Nothing but the lines from the one with "A FINE PAIR" through the last line of the entries below should appear in the copy, please, and no pictures.

***** MATERIAL FOR THE TASK *****

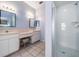 Bright and airy bathroom with a vanity, separate makeup counter, and a tile and glass shower at 5423 Windbrush Dr, Tampa, FL 33625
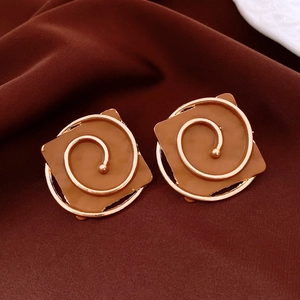 Detailed view of caramel square stud earrings with golden spiral on velvet background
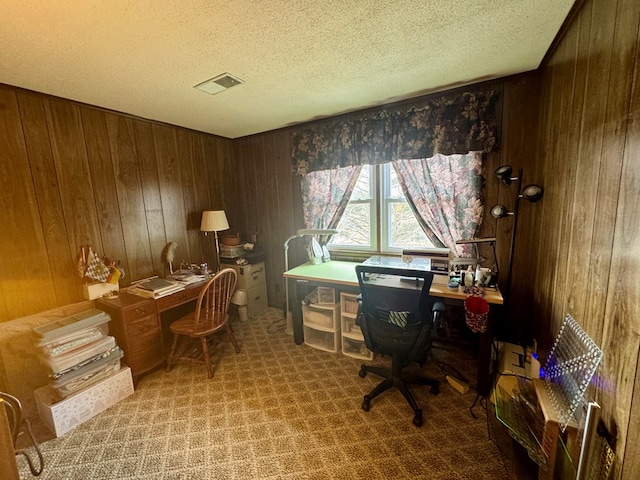 office area featuring visible vents, carpet floors, a textured ceiling, and wooden walls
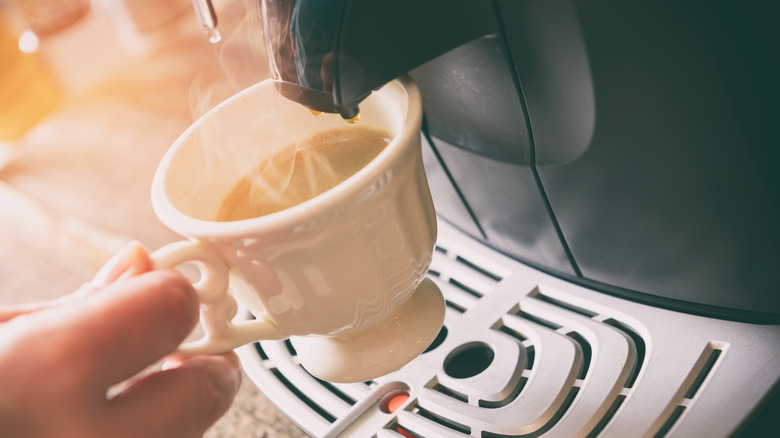 Coffee machine pouring coffee into cup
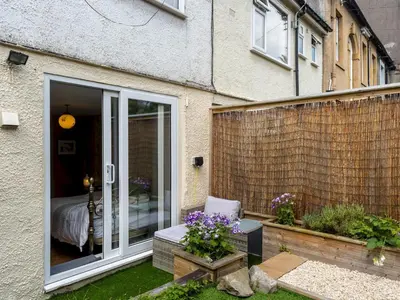 a patio with a sliding glass door leading to a bedroom at Pass the Keys Bright Town-Centre Flat with Outdoor Area in Ulverston
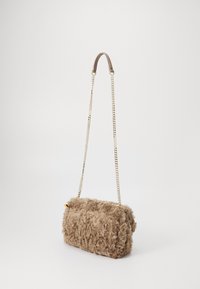 Kleine rechthoekige beige fluffy handtas met gouden kettingriem en een korte gewatteerde leren handgreep tegen een lichte achtergrond.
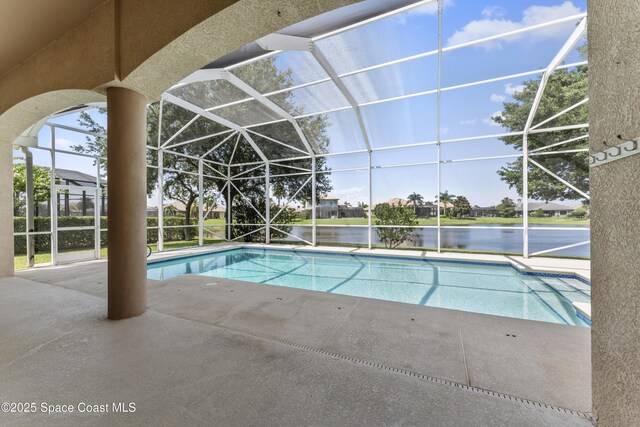 3631 Thurloe Dr, Rockledge, FL 32955 - swimming pool featuring a lanai, a patio area, and a water view
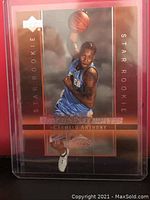 Front view of Carmelo Anthony Upper Deck Star Rookie basketball card in protective casing showing card details and player image.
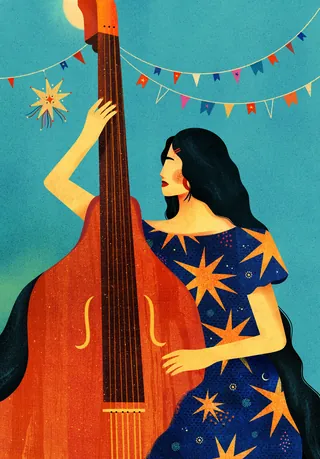 Woman playing a large string instrument with colorful flags in background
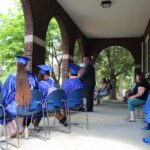 A group of people sitting on chairs at a graduation ceremony.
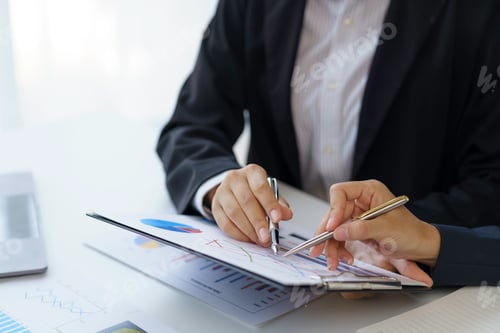Preview: Two of business woman at meeting assessment the state of business investment and marketing in office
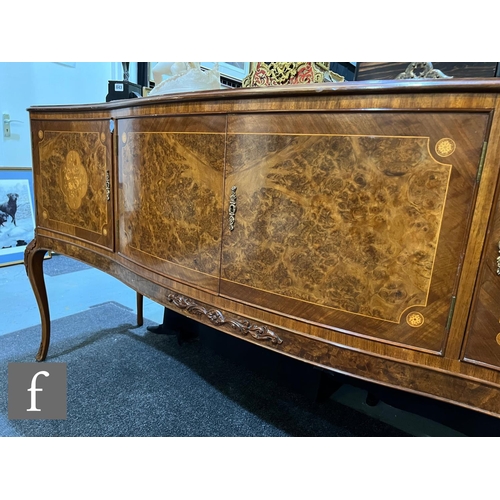 1002 - A 20th Century Italian figured walnut dining room suite, comprising a serpentine front sideboard on ... 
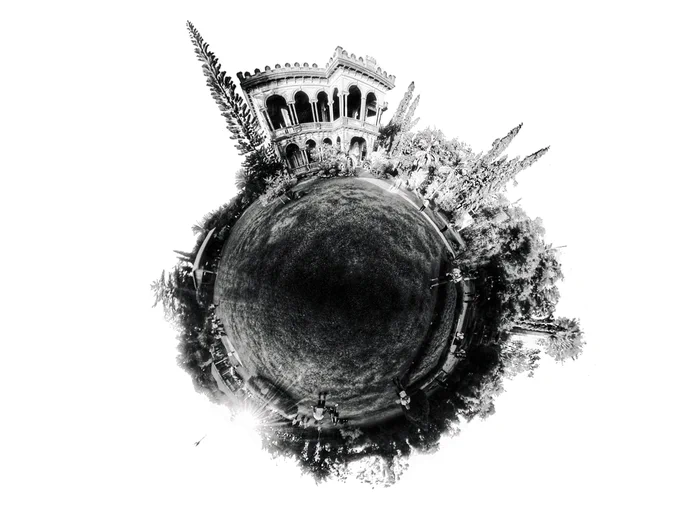Lost in the grayscale.  This tiny planet is a captivating journey through a world of shadows and light.  A tiny world, a big story.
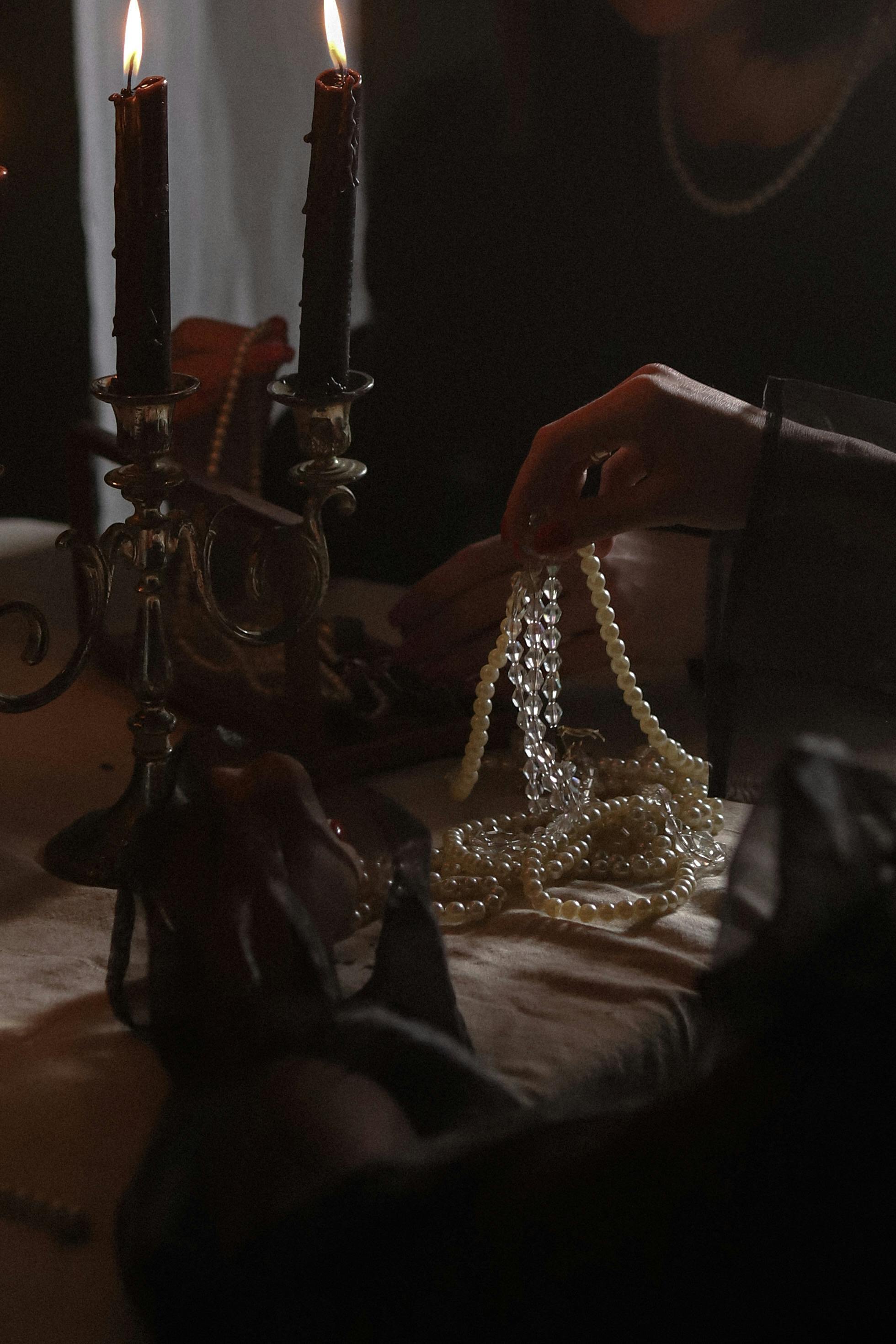 A moody, elegant scene of a woman handling pearls by candlelight, showcasing luxury and sophistication.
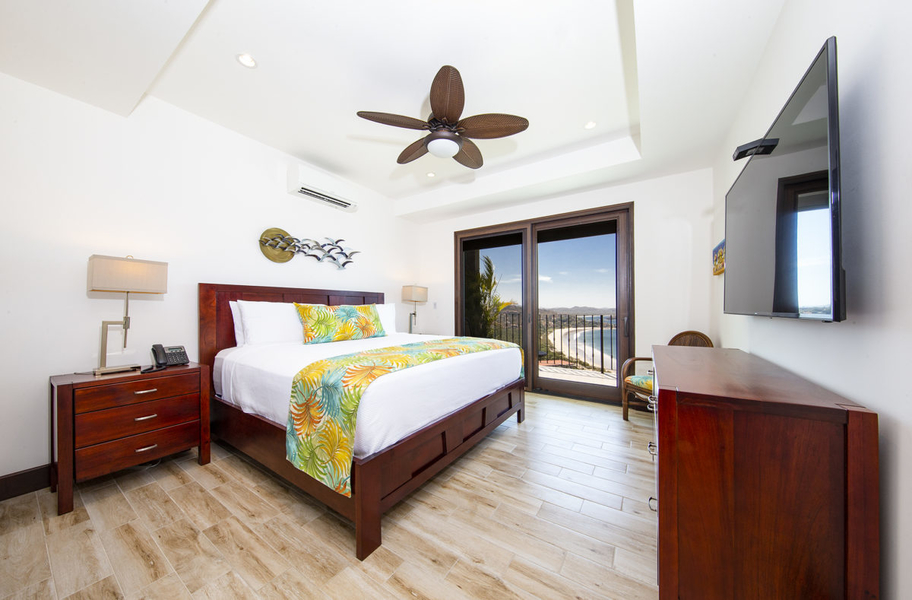 bedroom with patio and views of Playa Flamingo
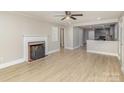 Inviting living room featuring wood-look floors, a cozy fireplace, and an open layout leading to the kitchen at 706 Lowell Ave, Lowell, NC 28098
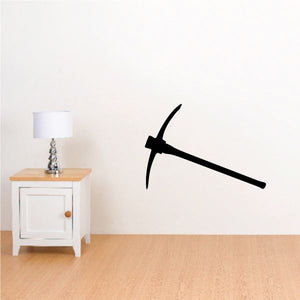 Black pickaxe wall decal with handle and curved head
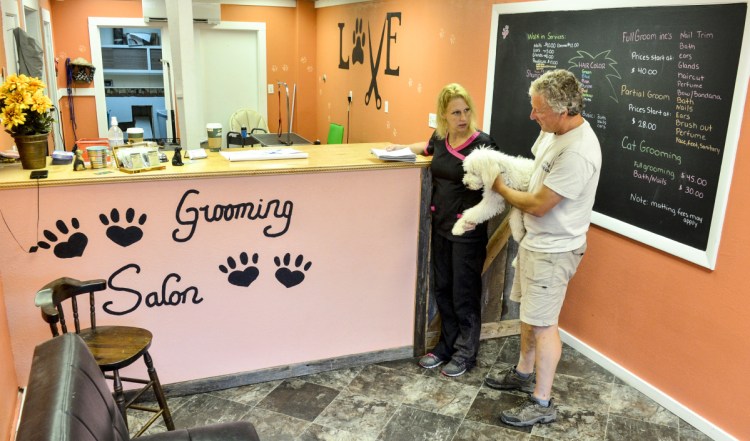 Melanie Hubble talks with Eric Guilt about how he wants her to groom his dog, Sam, on Friday at Wagging Tails Grooming Salon on Main Street in Winthrop.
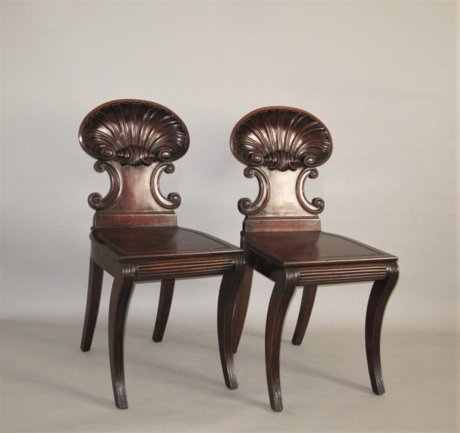 A FINE PAIR OF MAHOGANY HALL CHAIRS, CIRCA 1810. - Click to enlarge and for full details.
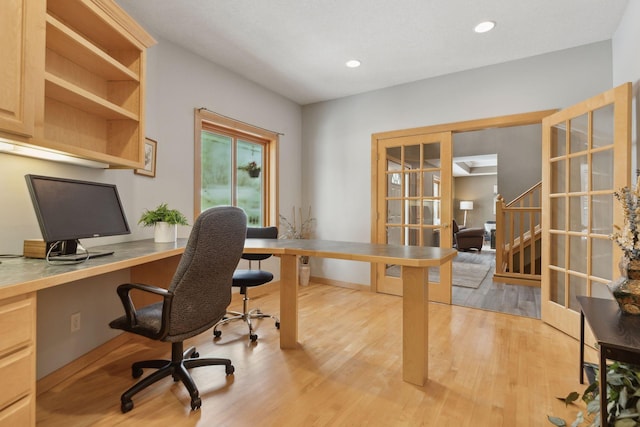 office featuring french doors and light wood-type flooring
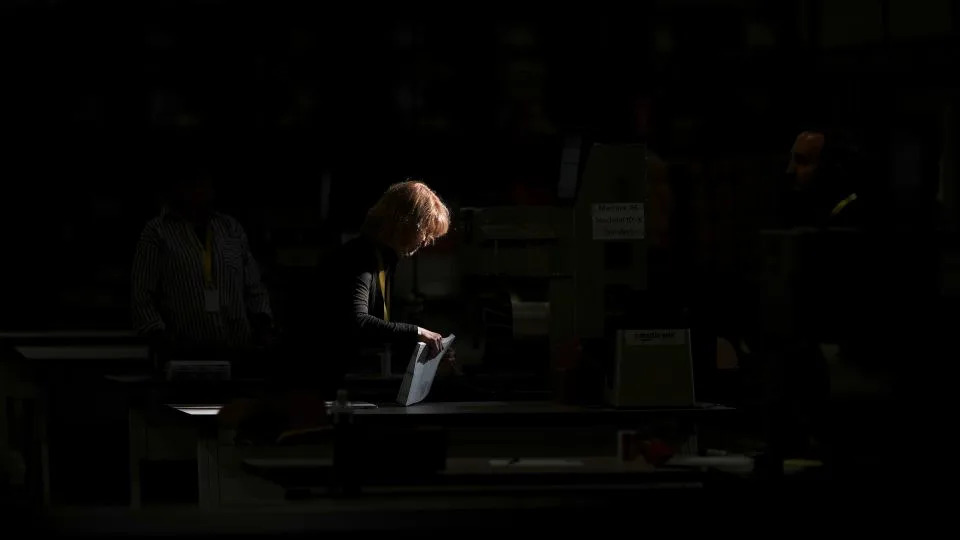 An election worker processes mail-in ballots for the 2024 election in Philadelphia on November 5, 2024. - Matt Slocum/AP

*****

PROBLEM SOLUTION:
 A FINE PAIR OF MAHOGANY HALL CHAIRS, CIRCA 1810. - Click to enlarge and for full details.
 office featuring french doors and light wood-type flooring
 An election worker processes mail-in ballots for the 2024 election in Philadelphia on November 5, 2024. - Matt Slocum/AP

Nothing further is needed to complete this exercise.